Sprachkurse für alle Flüchtlinge!: Sprache darf kein Grenzzaun sein

Warum wir in Zeiten von Flucht und Migration ein Recht auf Mehrsprachigkeit brauchen. Ein Gastbeitrag des Berliner Sprachwissenschaftlers Philipp Krämer.

„Sprachkenntnisse sind der Schlüssel zur Integration.“ Oder: „Wer nach Deutschland kommt, muss rasch die deutsche Sprache lernen.“ Solche Aussagen sind längst Allgemeinplätze geworden, auf die sich von rechts bis links alle politischen Lager verständigen können. Trotzdem gibt es im Umgang mit Flüchtlingen eine Regelung, die das exakte Gegenteil bewirkt: Mit der neuen Asylgesetzgebung wird Menschen aus Afghanistan und anderen Ländern mit niedriger Anerkennungsquote wie Somalia oder Pakistan der Zugang zu Deutschkursen verwehrt, zum Teil ganz gezielt mit absurden Rechentricks.

Deutschlernen ist Pflicht.
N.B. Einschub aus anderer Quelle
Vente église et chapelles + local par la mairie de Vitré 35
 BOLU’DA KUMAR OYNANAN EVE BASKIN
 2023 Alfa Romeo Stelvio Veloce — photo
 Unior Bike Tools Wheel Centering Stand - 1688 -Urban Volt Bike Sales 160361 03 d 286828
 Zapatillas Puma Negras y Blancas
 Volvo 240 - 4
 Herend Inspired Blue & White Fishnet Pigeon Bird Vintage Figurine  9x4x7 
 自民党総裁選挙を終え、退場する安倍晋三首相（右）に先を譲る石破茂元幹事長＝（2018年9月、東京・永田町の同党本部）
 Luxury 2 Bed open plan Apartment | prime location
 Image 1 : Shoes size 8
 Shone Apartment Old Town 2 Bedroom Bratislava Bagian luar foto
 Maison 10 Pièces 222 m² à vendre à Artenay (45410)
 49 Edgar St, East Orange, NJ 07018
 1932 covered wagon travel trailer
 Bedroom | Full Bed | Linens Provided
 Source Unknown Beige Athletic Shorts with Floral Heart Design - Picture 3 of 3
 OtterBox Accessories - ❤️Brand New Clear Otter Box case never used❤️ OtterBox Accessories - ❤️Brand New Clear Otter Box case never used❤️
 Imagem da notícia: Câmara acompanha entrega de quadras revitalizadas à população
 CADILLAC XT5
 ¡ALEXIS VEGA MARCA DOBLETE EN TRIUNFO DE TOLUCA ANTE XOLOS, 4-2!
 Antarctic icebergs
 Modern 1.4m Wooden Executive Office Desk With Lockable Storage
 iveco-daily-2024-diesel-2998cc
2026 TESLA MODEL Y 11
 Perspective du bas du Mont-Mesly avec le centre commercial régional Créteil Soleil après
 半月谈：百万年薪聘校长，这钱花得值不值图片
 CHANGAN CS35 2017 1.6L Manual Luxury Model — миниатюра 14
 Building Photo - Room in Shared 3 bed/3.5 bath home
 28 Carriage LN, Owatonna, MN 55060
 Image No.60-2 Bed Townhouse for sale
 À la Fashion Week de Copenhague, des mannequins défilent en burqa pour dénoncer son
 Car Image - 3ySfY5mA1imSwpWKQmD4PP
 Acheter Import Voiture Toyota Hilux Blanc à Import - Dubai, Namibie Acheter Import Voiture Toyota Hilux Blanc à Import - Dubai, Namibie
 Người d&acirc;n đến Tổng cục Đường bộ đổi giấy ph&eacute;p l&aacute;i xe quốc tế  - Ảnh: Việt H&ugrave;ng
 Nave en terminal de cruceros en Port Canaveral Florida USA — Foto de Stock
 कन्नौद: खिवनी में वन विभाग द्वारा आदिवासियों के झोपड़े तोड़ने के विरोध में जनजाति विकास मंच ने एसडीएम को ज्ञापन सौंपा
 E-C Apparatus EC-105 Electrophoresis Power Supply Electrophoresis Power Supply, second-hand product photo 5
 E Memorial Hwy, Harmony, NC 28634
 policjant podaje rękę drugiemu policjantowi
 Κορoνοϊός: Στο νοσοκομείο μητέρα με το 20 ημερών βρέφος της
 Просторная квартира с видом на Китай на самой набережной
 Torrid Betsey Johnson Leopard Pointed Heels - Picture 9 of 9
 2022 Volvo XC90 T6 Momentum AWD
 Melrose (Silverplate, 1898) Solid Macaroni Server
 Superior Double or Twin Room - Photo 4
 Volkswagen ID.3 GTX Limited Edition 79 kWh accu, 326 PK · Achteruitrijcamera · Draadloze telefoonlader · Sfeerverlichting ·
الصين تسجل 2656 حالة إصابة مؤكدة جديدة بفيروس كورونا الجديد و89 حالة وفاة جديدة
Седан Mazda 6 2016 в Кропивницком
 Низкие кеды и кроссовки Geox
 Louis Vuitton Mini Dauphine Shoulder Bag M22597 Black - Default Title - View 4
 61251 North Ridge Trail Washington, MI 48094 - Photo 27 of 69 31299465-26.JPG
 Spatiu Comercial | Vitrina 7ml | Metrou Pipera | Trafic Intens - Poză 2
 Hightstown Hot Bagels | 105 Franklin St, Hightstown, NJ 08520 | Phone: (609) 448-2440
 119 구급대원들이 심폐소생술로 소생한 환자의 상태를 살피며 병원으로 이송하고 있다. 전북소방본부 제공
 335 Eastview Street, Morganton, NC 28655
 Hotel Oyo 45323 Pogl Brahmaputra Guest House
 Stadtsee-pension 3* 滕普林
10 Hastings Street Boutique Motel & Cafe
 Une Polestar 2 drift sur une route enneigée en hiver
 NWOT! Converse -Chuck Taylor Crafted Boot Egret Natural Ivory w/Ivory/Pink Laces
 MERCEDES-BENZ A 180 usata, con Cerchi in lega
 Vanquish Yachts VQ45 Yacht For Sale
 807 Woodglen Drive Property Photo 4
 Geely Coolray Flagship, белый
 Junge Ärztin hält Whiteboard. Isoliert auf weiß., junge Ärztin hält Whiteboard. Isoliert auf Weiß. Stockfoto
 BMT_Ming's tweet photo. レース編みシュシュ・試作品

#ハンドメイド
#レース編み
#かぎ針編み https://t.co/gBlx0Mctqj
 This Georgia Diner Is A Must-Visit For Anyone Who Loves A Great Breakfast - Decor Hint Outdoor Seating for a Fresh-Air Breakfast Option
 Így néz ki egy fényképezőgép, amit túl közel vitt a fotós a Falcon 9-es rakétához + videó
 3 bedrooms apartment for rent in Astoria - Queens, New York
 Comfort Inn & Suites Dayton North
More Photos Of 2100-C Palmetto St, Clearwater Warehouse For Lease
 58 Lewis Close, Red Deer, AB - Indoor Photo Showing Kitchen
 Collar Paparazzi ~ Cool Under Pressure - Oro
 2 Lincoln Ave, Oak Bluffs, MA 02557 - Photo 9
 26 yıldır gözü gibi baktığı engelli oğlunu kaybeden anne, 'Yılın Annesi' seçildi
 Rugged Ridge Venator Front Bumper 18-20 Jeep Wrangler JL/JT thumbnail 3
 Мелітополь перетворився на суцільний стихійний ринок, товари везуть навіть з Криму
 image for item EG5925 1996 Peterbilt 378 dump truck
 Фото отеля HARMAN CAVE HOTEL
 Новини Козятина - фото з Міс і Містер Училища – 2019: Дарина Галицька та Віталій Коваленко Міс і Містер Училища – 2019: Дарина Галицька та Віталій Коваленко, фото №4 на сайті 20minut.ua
Was aber, wenn das Recht erlischt?

Die Grenze liegt bei 50 Prozent anerkannter Anträge aus dem Herkunftsland. Nur wer aus einem solchen Land kommt, hat angeblich eine gute Bleibeperspektive und damit Recht auf einen frühzeitigen Spracherwerb. Die Quote für Menschen aus Afghanistan liegt sehr knapp unter der Marke, weil viele Anträge nicht berücksichtigt werden. Dies gilt etwa, wenn ein Antrag in einem anderen EU-Land behandelt oder erst nach erfolgreicher Klage gegen die Ablehnung positiv beschieden wird. Die „bereinigte Schutzquote“ ohne diese Irrdaten liegt für Afghanistan oder Somalia bei über 70 Prozent.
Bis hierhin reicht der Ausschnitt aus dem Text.